Ce que la Méditerranée signifie pour moi :
La Méditerranée est pour moi ce que porte déjà l’étymologie de son nom : un medius, ce qui se trouve au milieu. Au milieu des cultures, au milieu des langues, au milieu des rêves et des maux à la fois, la Méditerranée est pour moi un seuil sans frontières, la ligne qui distingue sans séparer, le confluent de deux univers si divergents et que je porte en même temps en moi. Ce medius est également pour moi un médium : médium identitaire, médium linguistique, médium onirique qui me rappelle à chaque fois que je suis des deux rives de la Méditerranée, par mon héritage comme par mes projets.
La Méditerranée c’est le soleil qui cajole, c’est la mer qui dorlote, c’est les inconnu.es qui t’accueillent comme l’un des leurs, c’est une explosion de couleurs, de textures et de goûts dans un saladier en céramique sur une table en bois d’olivier. La Méditerranée, c’est des voix qui chantonnent –un peu trop fort, pour certains-, des vies qui débordent d’énergie, de mouvement et d’humeurs badines. La Méditerranée c’est la légèreté d’un quotidien fait comme une carte postale, de petits clichés et de grandes histoires. La Méditerranée c’est un été éternel qui fait rêver les autres ; une mémoire de chair, bronzée, salée, vagabonde et toujours voltigeante.

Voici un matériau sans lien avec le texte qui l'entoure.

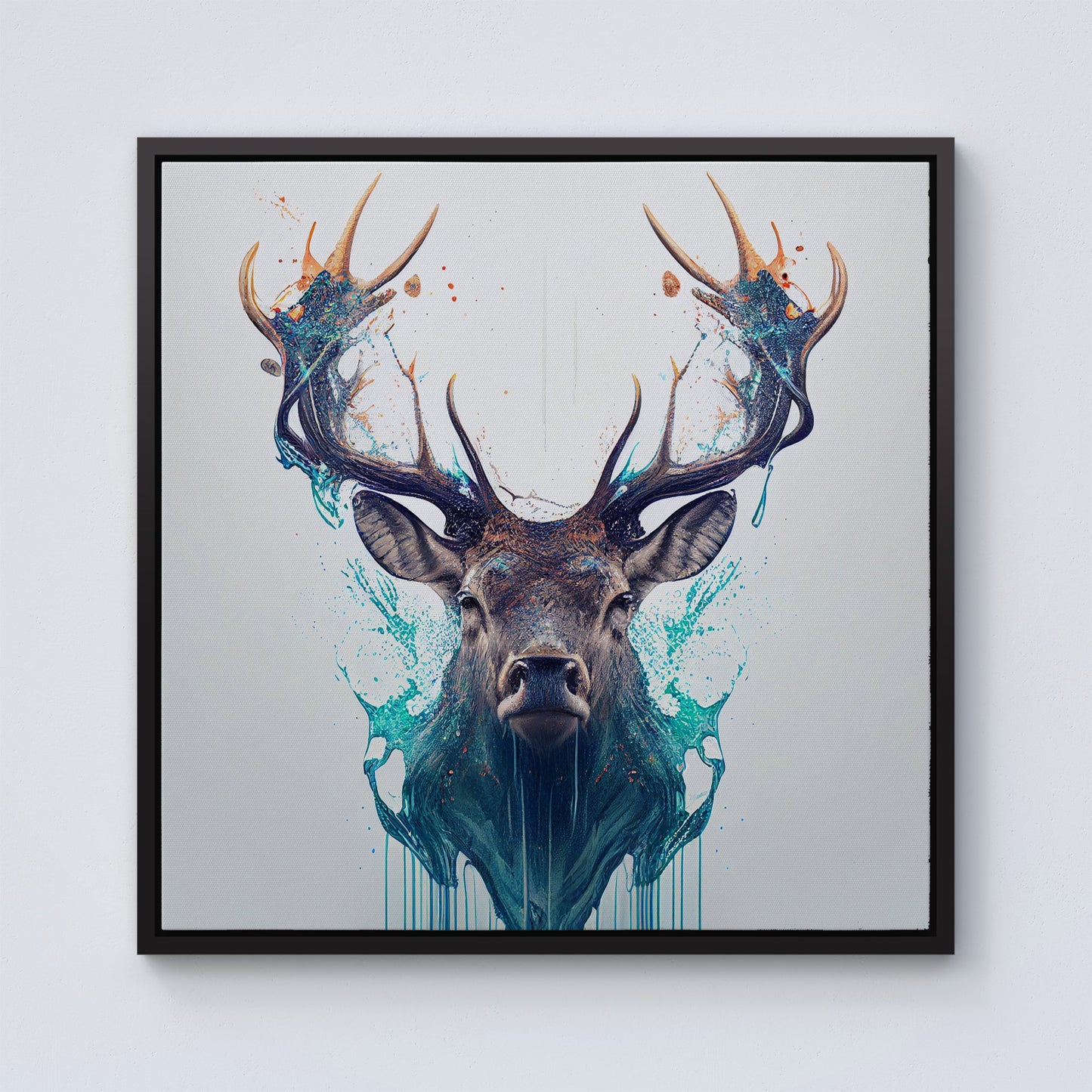 Stag Face Splashart Framed Canvas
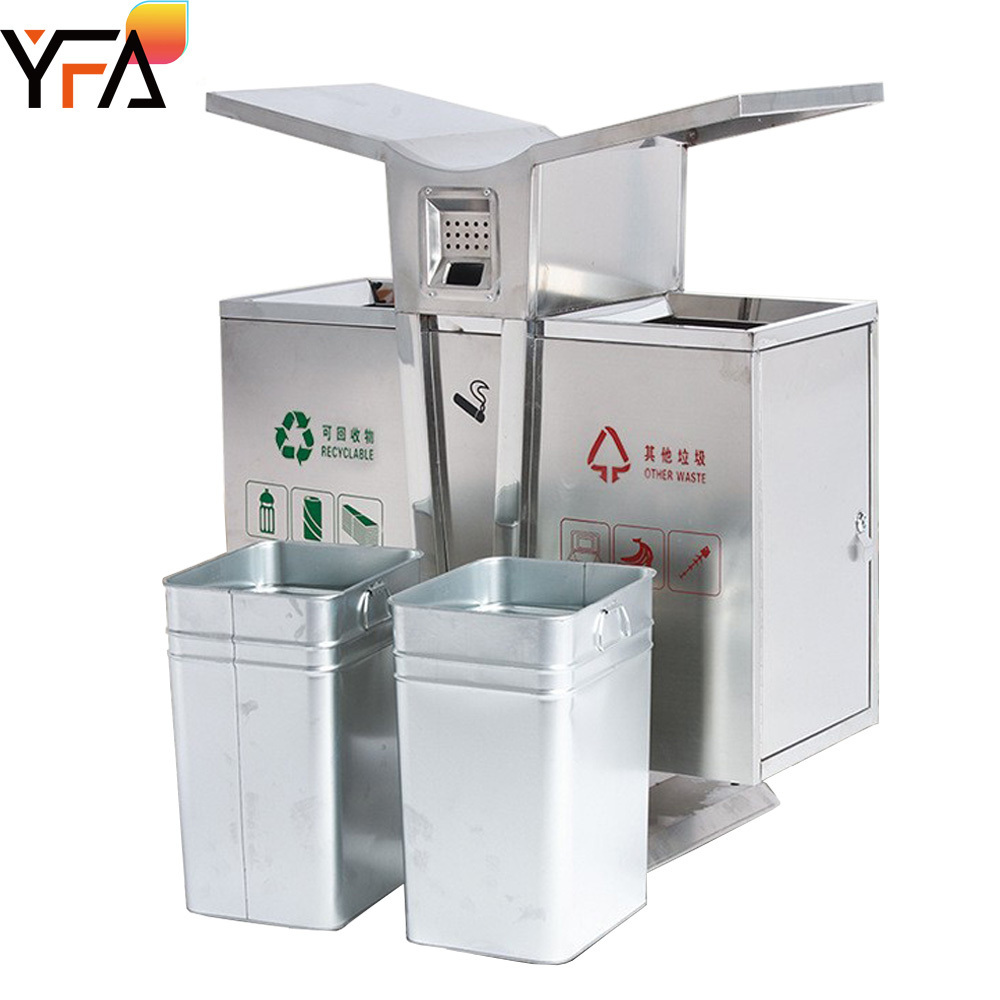 Custom Thickened Outdoor Stainless Steel Garbage Recycling Bin,Metal Trash Can With Ashtray And Lock,Street,Mall Peel bin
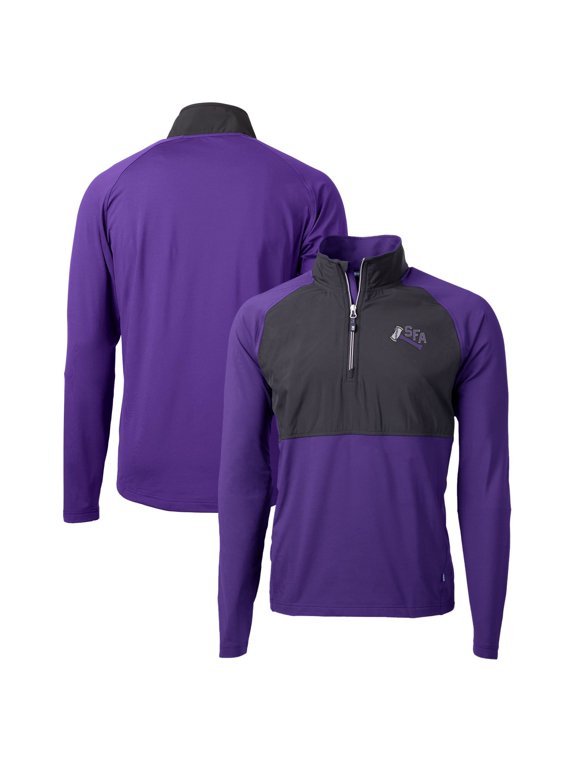 Men's Cutter & Buck Black/Purple Stephen F Austin Lumberjacks Adapt Eco Knit Hybrid Recycled Quarter-Zip Pullover Top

La Méditerranée c’est aussi un choix, que je n’avais pas fait. Un choix de posture, qui dépasse la mosaïque de mon âme, et qui me demande à chaque fois de me justifier pour pouvoir aller voir ce qui se passe de l’autre côté. C’est alors que la Méditerranée prend parfois la forme d’un rempart, gigantesque, cruel, infranchissable. Et la mer devient océan, et l’océan devient un monstre qui avale les âmes que j’aime, à mon insu. Et la Méditerranée me rappelle dès lors que je suis toujours un autre, que je suis toujours l’autre, que je suis l’altérité même et que c’est peut-être pour cela que je me retrouve au medius de la terre.